Named 2013’s Best Downtown Performance Artist in New York (Village Voice), Keckler has appeared at international venues including Paris’s Centre Pompidou, New York’s Lincoln Center, Austin’s SXSW festival and LA’s Adult Swim Festival, and looks forward to opening a concert run at London’s Soho Theatre this October. Also a writer, artist and humorist, his book, Dragon at the Edge of a Flat World, was published by Turtle Point Press in 2017. As he explains, Let Me Die was inspired by an aria of that name: “When you start to study voice, one of the first songs that a lot of people are given, and I was given, is Lasciatemi morire, ‘Let Me Die.’ I like this idea that somehow if you’re a student of opera, of voice, you have to be sort of a student of dying. And that’s where I took the title of this from, that aria, which is also the only existing part of the Monteverdi opera. The rest of the opera has been lost, except for an extended sequence, the center of which is that aria, the lament of Ariadne, who is stranded on the island of Naxos. I liked that conceptual rhyming – that she is lost, bereft, stranded, and the aria also stranded. It has survived its own context. So, what if all the rest of the operas were lost, but all the deaths survived?”

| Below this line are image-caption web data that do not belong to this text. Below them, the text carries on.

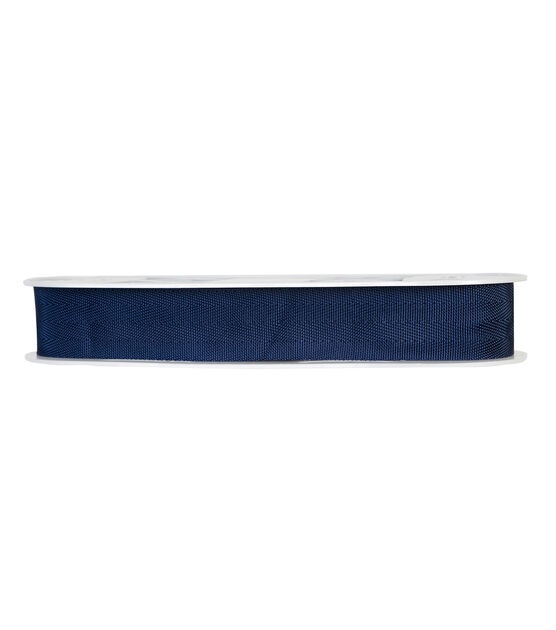 Simplicity Seat Belt Trim 1.5'' Navy, , hi-res, image 3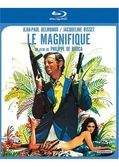 Le magnifique - Blu-ray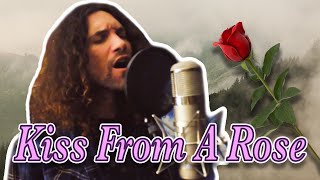 Kiss From A Rose  Dan Avidan amp Super Guitar Bros [upl. by Oletta]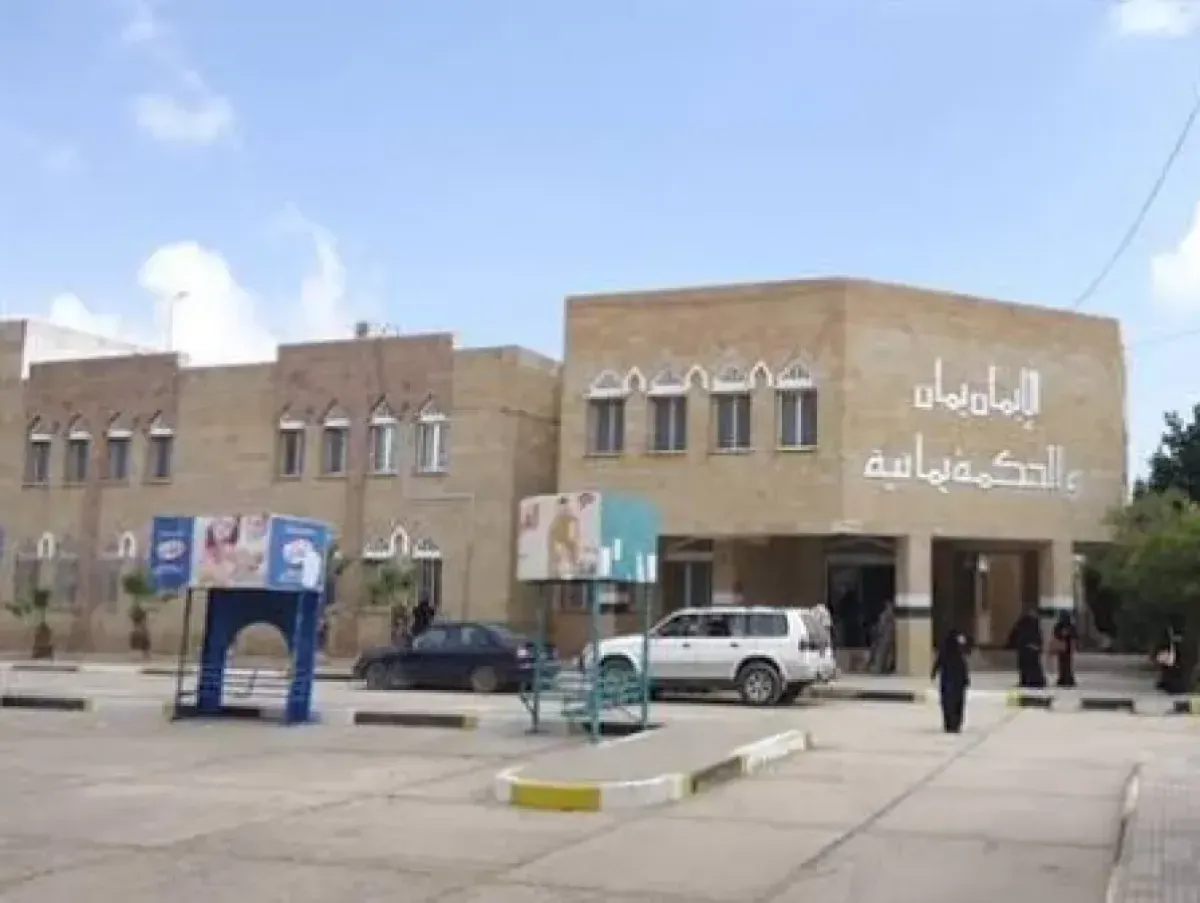 مليشيا الحوثي تختطف طلاباً من جامعة التربة بتعز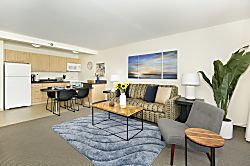 Waikiki Sunset #2503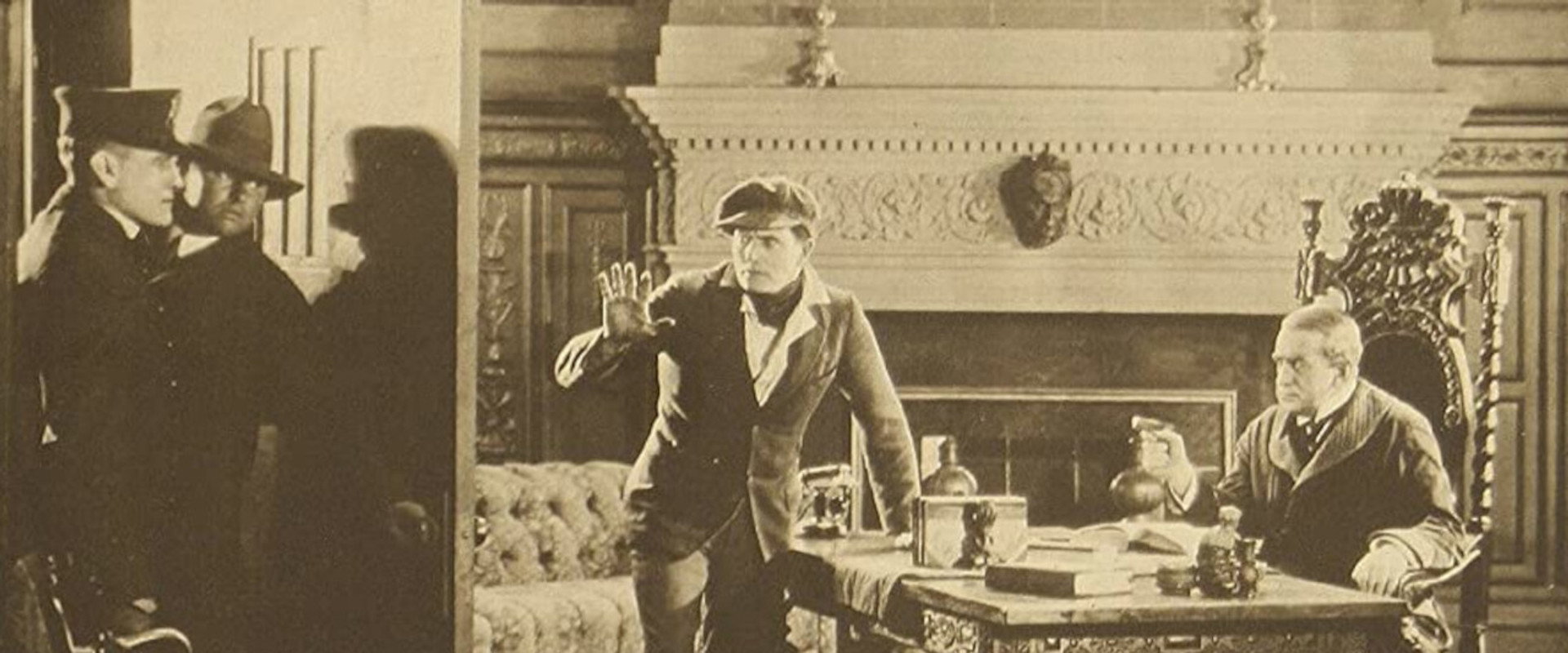 Kiss or Kill's banner image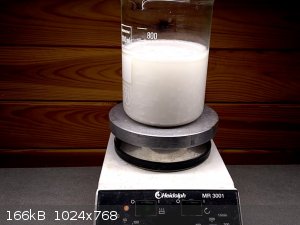 dissolve cacl2 2h2o.jpg - 166kB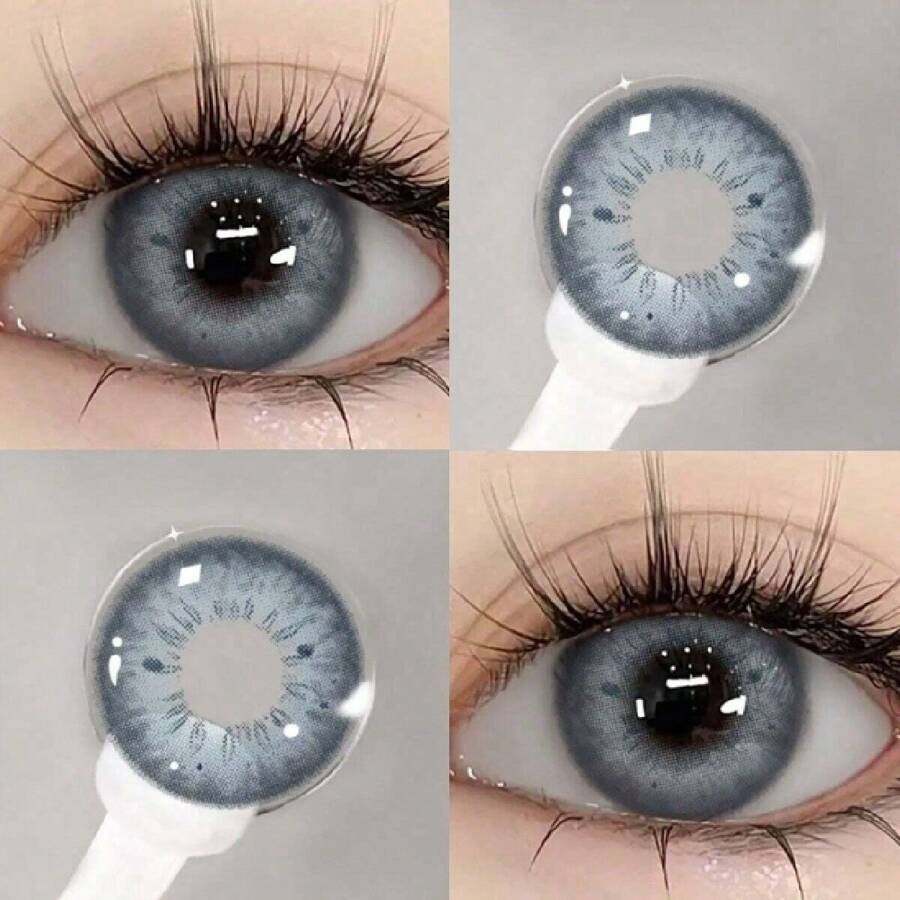 Mesiru E3 Romona Blue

About the death scenes featured in his new work, Keckler adds: “Well, there are a lot of old chestnuts, a lot of favorites, a lot of greatest hits in there. … We’re going into weird corners of the repertoire to pull out certain moments as well. … The scenes are alternately – or sometimes simultaneously – sublime and absurd. That’s my jam. As for what he hopes audiences will take away from Let Me Die, he deadpans: “Nothing. To the contrary, I hope they leave something behind.”

For the world premiere production of his performance piece, Keckler reunites with dramaturg and director Elizabeth Gimbel, praised for her “poetic direction” (Village Voice) of his earlier works Cat Lady, Human Jukebox and the recent, critically acclaimed Train With No Midnight. He will be joined on stage by soprano Veronica Chapman-Smith, as seen in Opera Philadelphia’s world premiere productions of The Wake World and Sky on Swings; countertenor Darius Elmore, a George Shirley Vocal Competition semi-finalist; and mezzo-soprano Natalie Levin, whose credits include Santa Fe Opera, Virginia Opera, and Carnegie Hall; with a guest appearance by “startlingly precise” dancer (New York Times) Saori Tsukada, a two-time Dublin Fringe Festival Best Actress nominee. Like Keckler himself, Elmore, Levin and Tsukada will all be making company debuts, as will musical arranger Matthew Dean Marsh, a regular collaborator of Keckler’s, whose work has been heard at Lincoln Center, Brooklyn Academy of Music, Madison Square Garden, and the White House. Let Me Die also features sound design by Isaac Levine, lighting design by Evelyn Shuker, and original video design by FringeNYC Award-winner Lianne Arnold.